• [To do] Would you return the entries below exactly from the line containing "Max Gut Health Dog Joint Health" onward, ending with the final line and including it, and nothing else?

*** The records

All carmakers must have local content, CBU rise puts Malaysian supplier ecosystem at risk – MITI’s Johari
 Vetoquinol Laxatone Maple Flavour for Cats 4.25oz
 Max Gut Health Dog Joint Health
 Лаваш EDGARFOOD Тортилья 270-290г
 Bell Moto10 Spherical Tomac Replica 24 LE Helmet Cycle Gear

******

• [Exercise response]
 Max Gut Health Dog Joint Health
 Лаваш EDGARFOOD Тортилья 270-290г
 Bell Moto10 Spherical Tomac Replica 24 LE Helmet Cycle Gear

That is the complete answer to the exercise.